Maori Party MP Te Ururoa Flavell said TPK needed to improve its act.
"It is extremely disturbing to learn of the general sloppiness and legal risk that appears to have existed in this agency over the period of this review," he said.
Mr Flavell said the Maori Party had previously expressed concern the department had not spent its budget and did not believe it was fulfilling its roles.
"Te Puni Kokiri was established with three core functions - a policy advice role, a monitoring role and a role of administering funding for community development," he said.
"It is now part of the record that Te Puni Kokiri has been progressively running down its monitoring function - and this latest report demonstrates the devastating impact that the dwindling emphasis has had upon outcomes."
He called on the department to "pull out all the stops" to deliver its core roles. "This report is yet another wake-up call for both the ministry and its minister."

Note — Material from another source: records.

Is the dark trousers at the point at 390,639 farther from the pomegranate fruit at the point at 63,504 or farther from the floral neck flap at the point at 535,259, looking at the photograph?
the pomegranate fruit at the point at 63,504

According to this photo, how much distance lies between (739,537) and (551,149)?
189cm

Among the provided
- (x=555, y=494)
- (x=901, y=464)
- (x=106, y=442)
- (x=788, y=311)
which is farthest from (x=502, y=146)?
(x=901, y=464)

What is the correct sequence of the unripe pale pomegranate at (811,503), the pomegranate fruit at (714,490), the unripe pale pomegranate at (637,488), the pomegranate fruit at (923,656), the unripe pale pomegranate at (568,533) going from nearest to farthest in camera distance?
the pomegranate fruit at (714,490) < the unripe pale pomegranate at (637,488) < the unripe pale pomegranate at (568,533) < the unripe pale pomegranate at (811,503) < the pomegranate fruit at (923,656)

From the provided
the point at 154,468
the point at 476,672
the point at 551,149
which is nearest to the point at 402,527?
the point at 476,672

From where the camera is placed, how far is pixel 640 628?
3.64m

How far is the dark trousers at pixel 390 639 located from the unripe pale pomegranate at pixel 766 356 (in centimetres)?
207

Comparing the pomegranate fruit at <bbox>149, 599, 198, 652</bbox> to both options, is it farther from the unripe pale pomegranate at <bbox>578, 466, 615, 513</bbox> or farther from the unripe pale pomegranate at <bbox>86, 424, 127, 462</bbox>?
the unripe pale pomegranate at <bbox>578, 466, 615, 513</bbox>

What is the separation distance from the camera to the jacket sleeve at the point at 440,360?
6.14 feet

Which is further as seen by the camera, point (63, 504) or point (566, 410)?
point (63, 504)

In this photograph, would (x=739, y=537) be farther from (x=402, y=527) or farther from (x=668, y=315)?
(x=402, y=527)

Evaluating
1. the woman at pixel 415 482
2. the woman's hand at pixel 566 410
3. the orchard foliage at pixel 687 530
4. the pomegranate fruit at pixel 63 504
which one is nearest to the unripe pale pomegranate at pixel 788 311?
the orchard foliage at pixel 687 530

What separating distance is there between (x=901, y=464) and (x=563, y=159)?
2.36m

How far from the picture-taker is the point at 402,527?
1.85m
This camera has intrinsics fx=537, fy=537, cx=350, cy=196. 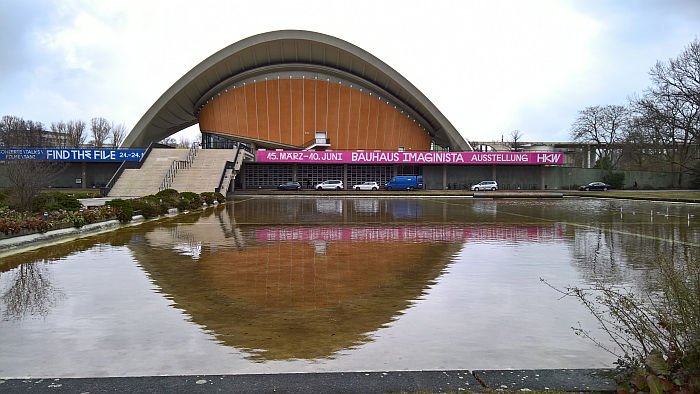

The report made several recommendations, including that TPK:
* Create proposal templates to encourage applicants to focus on key criteria
* Prepare assessment templates for recording the information required to thoroughly assess funding applications;
* Ensure that the assessment templates are flexible enough for assessments to reflect the value and size of individual projects;
* Document regular monitoring visits using standardised templates to ensure that all the required monitoring information is regularly collected and recorded;
* Provide funding for all its programmes in instalments spread throughout the term of contracts and clearly linked to the delivery of project milestones and reporting requirements;
* Comply with its internal process requirements to ensure that contracts are signed only after legal clearance and before the start of the funded activity;
* Introduce templates to assess and record the progress of funded projects against contract milestones, including a comparison of actual and budgeted expenditure.